Sub-agents change this. An agent like Claude Code can run four or five `mx search` calls in parallel, read the results, and reason across them to produce a complete, accurate answer. The sub-agent does the synthesis; mandex provides the raw material. The combination is more useful than either alone — and the LLM doing the synthesis is already running, already paid for, and already has the context to know which results are relevant.
The practical pattern: when Claude Code needs to generate code using a library, it spawns a sub-agent that runs targeted searches against the local mandex packages, reads the relevant sections, and returns a synthesis. The main agent uses that synthesis to write the code. This is faster and more accurate than web fetching, works offline, and produces answers grounded in the exact version of the library the project is using.

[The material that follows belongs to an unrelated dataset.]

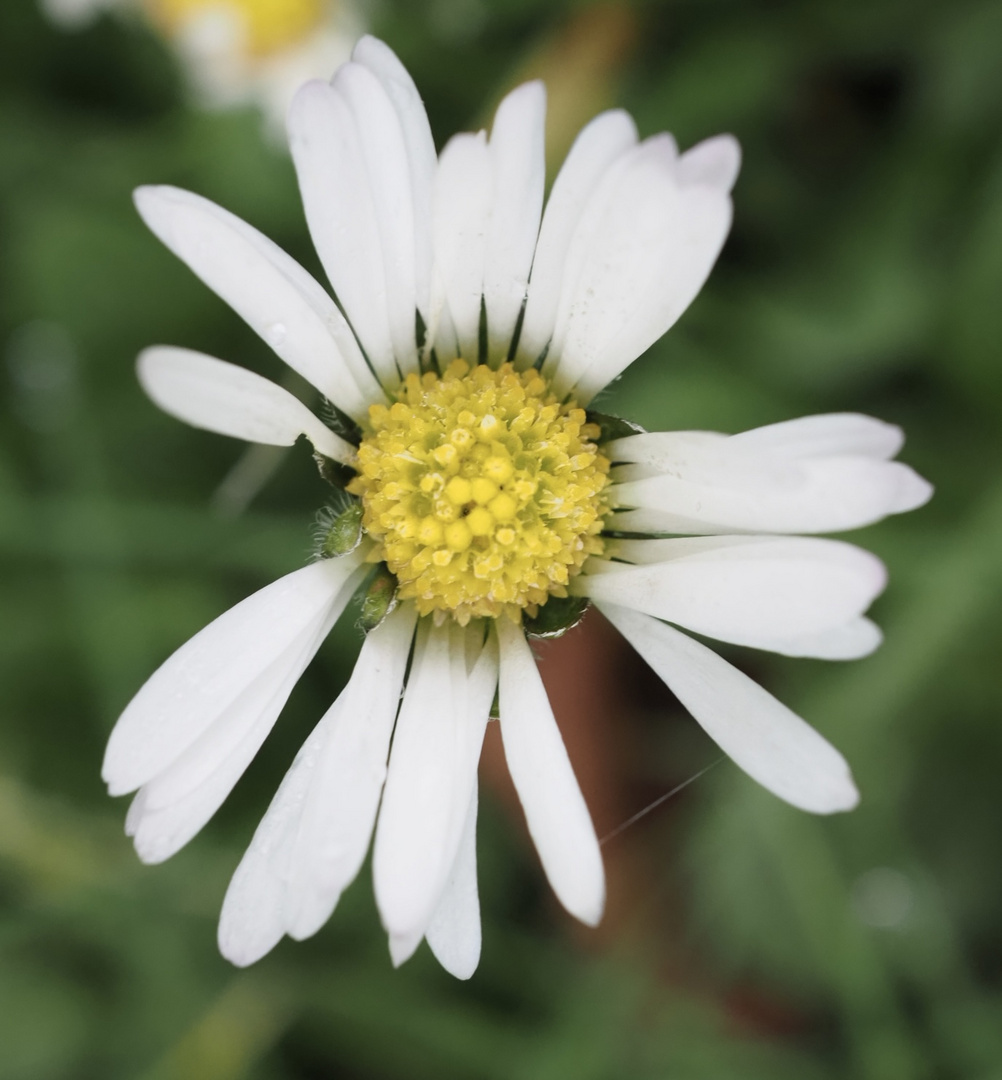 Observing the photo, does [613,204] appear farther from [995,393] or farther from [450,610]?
[995,393]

This is why mandex doesn't need perfect search ranking to be useful. Search quality matters at the margins — better ranking means less noise for the sub-agent to filter. But even imperfect BM25 results over local, version-pinned documentation beat the alternative of asking an agent to hallucinate from stale training data.
## Getting started
Mandex is written in Rust. The CLI is a single static binary called `mx`. The installer is interactive and sets up your AI coding assistant integrations automatically.
```bash
curl -fsSL https://mandex.dev/install.sh | sh
```
The installer detects which AI coding assistants you have installed — Claude Code, Cursor, Windsurf, Codex — and asks whether to configure each one. For Claude Code it installs a skill that tells Claude to consult local docs before generating code. For Cursor and Windsurf it appends rules to the appropriate config files. For Codex it adds instructions to `~/.codex/AGENTS.md`.
For non-interactive installation (CI, agents, scripted setups):
```bash
# Auto-detect and configure everything
curl -fsSL https://mandex.dev/install.sh | sh -s -- --yes
# Specific integrations only
curl -fsSL https://mandex.dev/install.sh | sh -s -- --yes --claude-code --codex
# Binary only, no integrations
curl -fsSL https://mandex.dev/install.sh | sh -s -- --none
```
Once installed:
```bash
cd your-project
mx sync # installs docs for all detected dependencies
mx search nextjs "middleware"
```
The format is SQLite. The packages are portable. The source is open. Everything works offline after the initial download.
---
Agents need documentation to write correct code. The documentation exists. The missing piece was never the content — it was the distribution model. Package it, version it, and distribute it through infrastructure that scales to zero marginal cost. Then let agents query it locally, as many times as they need, without asking anyone's permission.